▶ [Supplied data]:
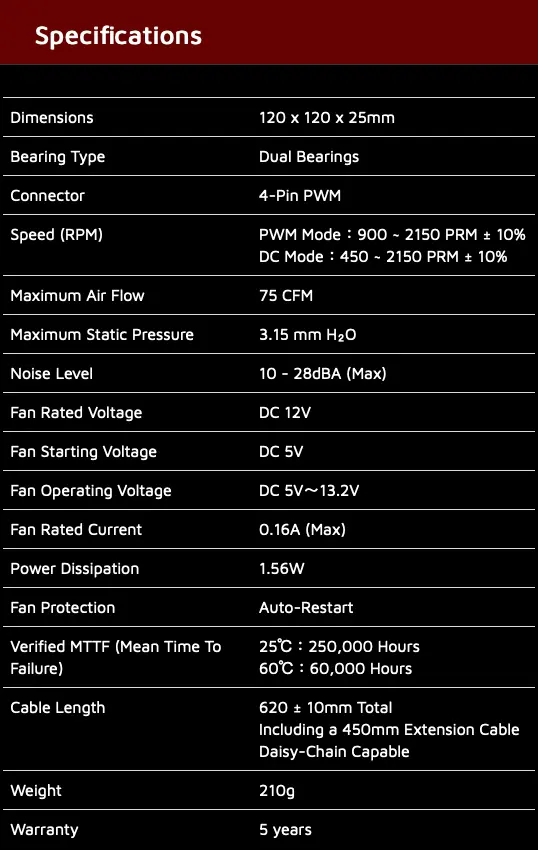 XPG即将发售Vento Pro 120 PWM高性能风扇：基于经典的Gentle Typhoon方案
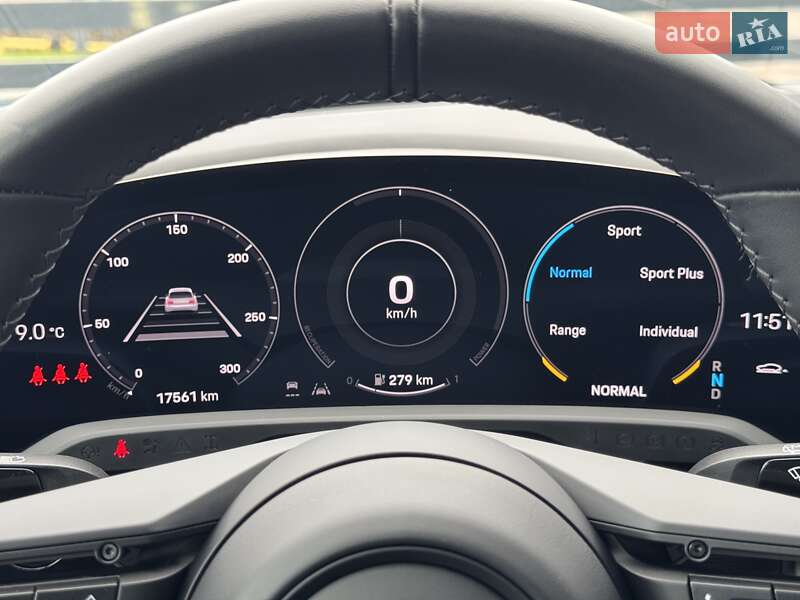 Универсал Porsche Taycan Cross Turismo 2023 в Ровно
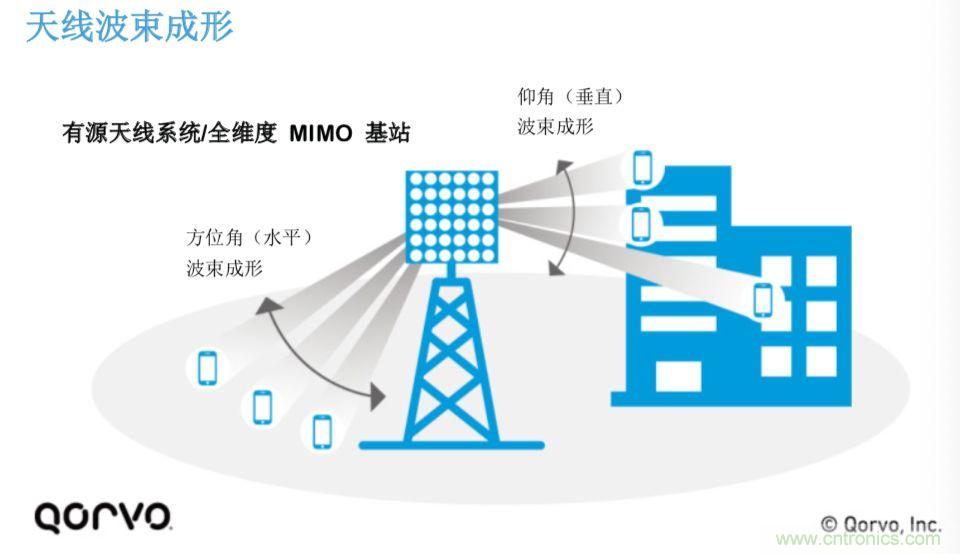 載波網(wǎng)絡(luò)將如何實現(xiàn) 5G？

▶ [What the task requires]: Your answer must be the full listing, copied exactly, with no pictures in it.

▶ [Problem solution]:
 XPG即将发售Vento Pro 120 PWM高性能风扇：基于经典的Gentle Typhoon方案
 Универсал Porsche Taycan Cross Turismo 2023 в Ровно
 載波網(wǎng)絡(luò)將如何實現(xiàn) 5G？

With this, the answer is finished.